Cette arrestation démontre l’ambiguïté du statut des hackers : le simple fait qu’un rassemblement public leur soit consacré en toute légalité peut surprendre le grand public, pour qui un hacker est forcément malveillant.

Chapeaux blancs vs chapeaux noirs

En réalité, pour schématiser grossièrement, le monde des hackers se divise en deux catégories : ceux que l’on appelle les « chapeaux blancs » (« white hats »), qui piratent des systèmes informatiques et des programmes pour tester leur niveau de sécurité, découvrir des failles et aider à les corriger, renforçant de fait la sécurité ; et les « chapeaux noirs » (« black hats »), qui font exactement la même chose mais pour tirer parti des failles découvertes, pour leur profit personnel, ceux d’une mafia, d’une entreprise ou d’un gouvernement.

Les premiers opèrent « en plein jour », au vu et su de tout le monde, comme le fait Marc Hutchins, qui est employé et rémunéré pour tester la sécurité de logiciels et de systèmes informatiques – et leur activité est légale.
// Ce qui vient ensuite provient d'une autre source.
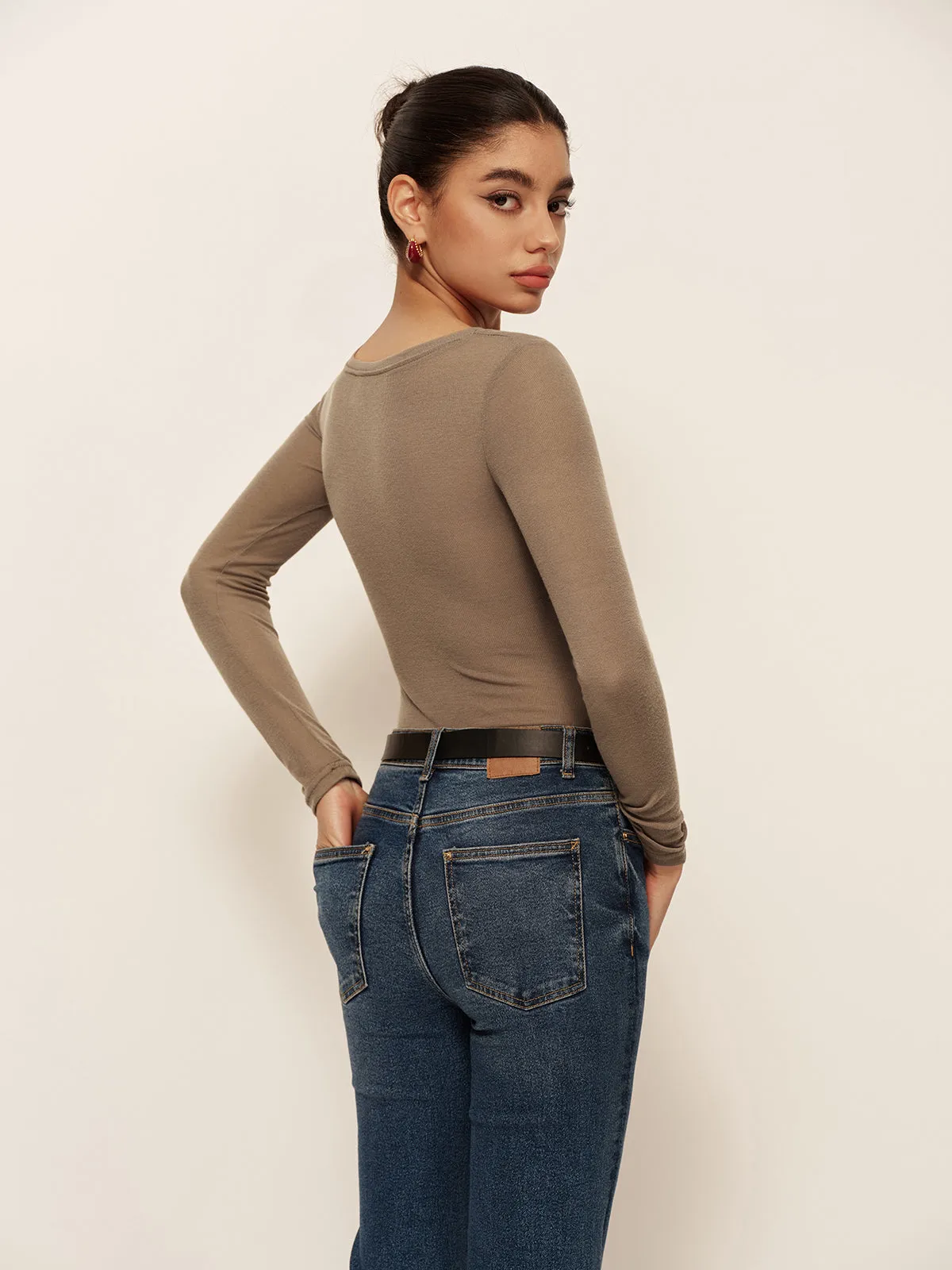 Semi-Sheer Long Sleeve Pleated Slim Panel T-Shirt sold by COMMENSE product image thumbnail 5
Les seconds se dissimulent, et leur activité est strictement illégale.

Les chercheurs des zones grises ne passeront plus par la case USA

Mais, bien évidemment, des zones grises existent : les « chapeaux blancs » sont bien souvent obligés de franchir la limite de la légalité pour rendre leurs recherches plus efficaces. C’est ce que Marcus Hutchins affirme avoir fait, et son cas est loin d’être isolé. Vu d’Europe, cette arrestation est un excès de zèle qui risque de se retourner contre ceux qui veulent défendre la cybersécurité.
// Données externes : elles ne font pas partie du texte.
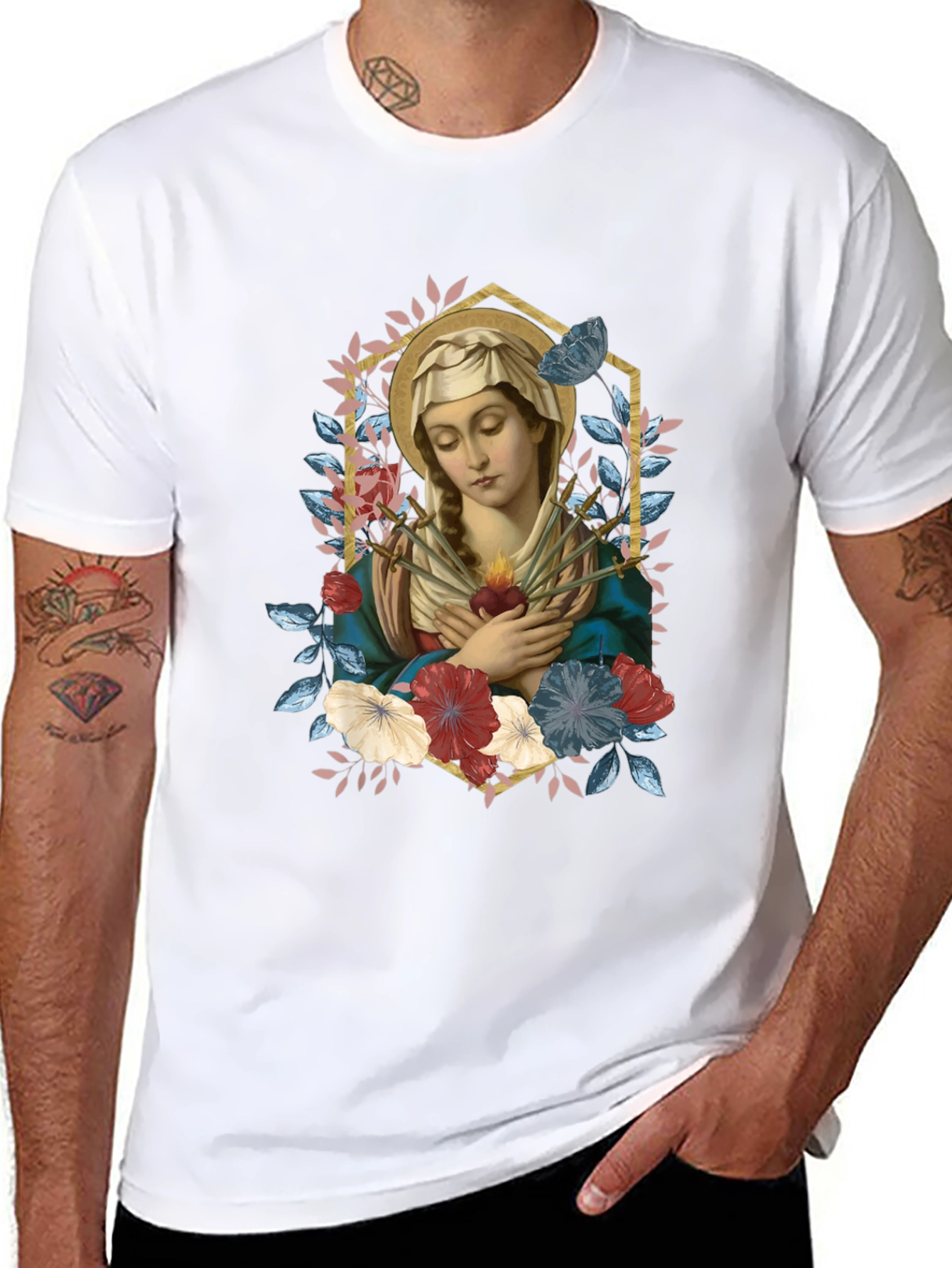 Virgin Mary Floral Graphic T-Shirt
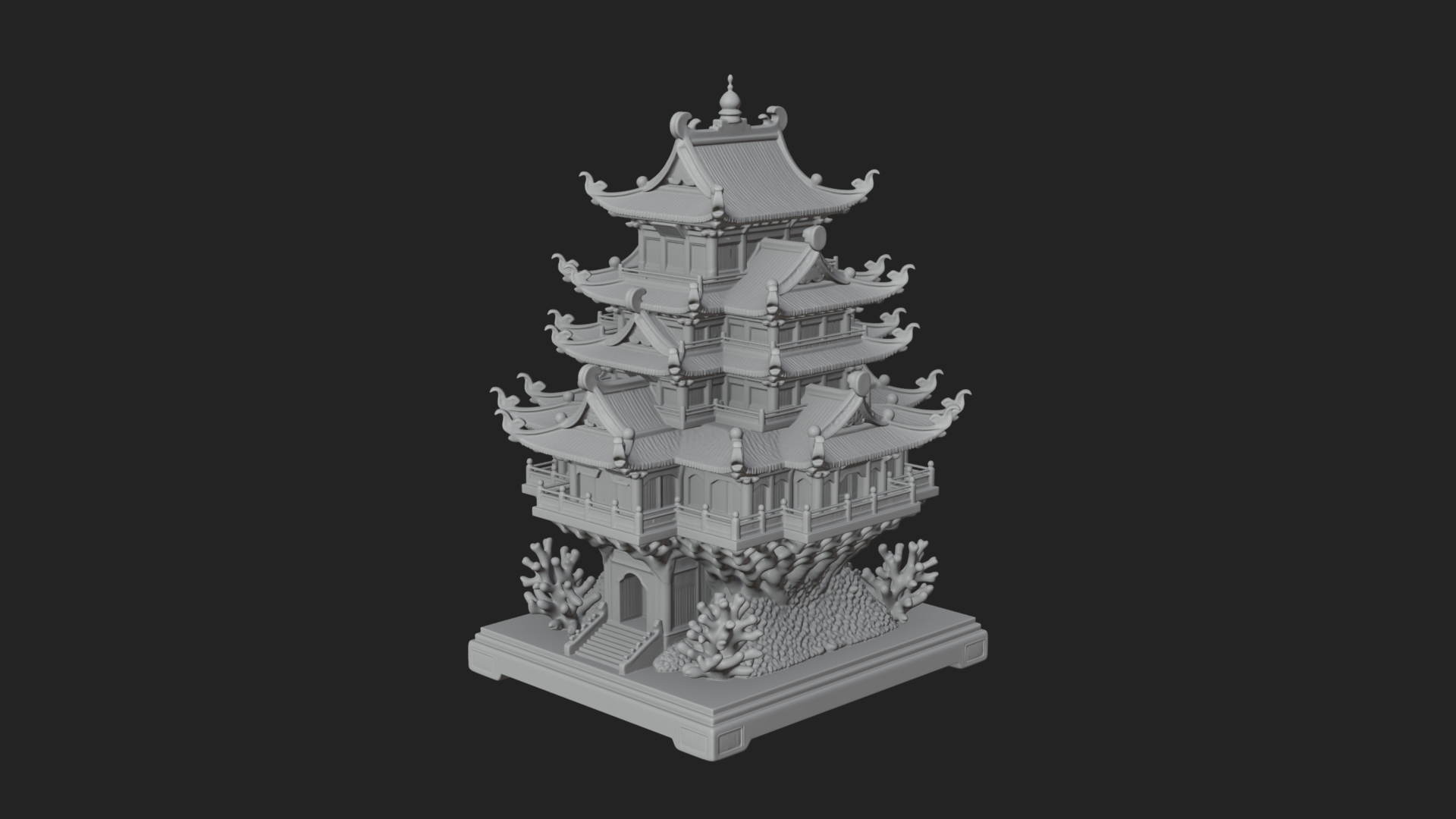 Coral Reef Pagoda Tower Design 1 3D Print Model 3D Model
En effet, un tel événement risque de dissuader des chercheurs opérant vers ces zones grises d’exposer leurs travaux en plein jour. « Je connais un certain nombre de chercheurs en Europe, que je considère être du côté des « chapeaux blancs » et qui ne viendront plus aux Etats-Unis pour être sûrs de ne pas avoir d’ennuis » affirme ainsi John Dickson, du cabinet Denim Group.

Dans un domaine aussi complexe que la cybercriminalité, il n’est pas certain que la tolérance zéro soit une option viable sur le long terme.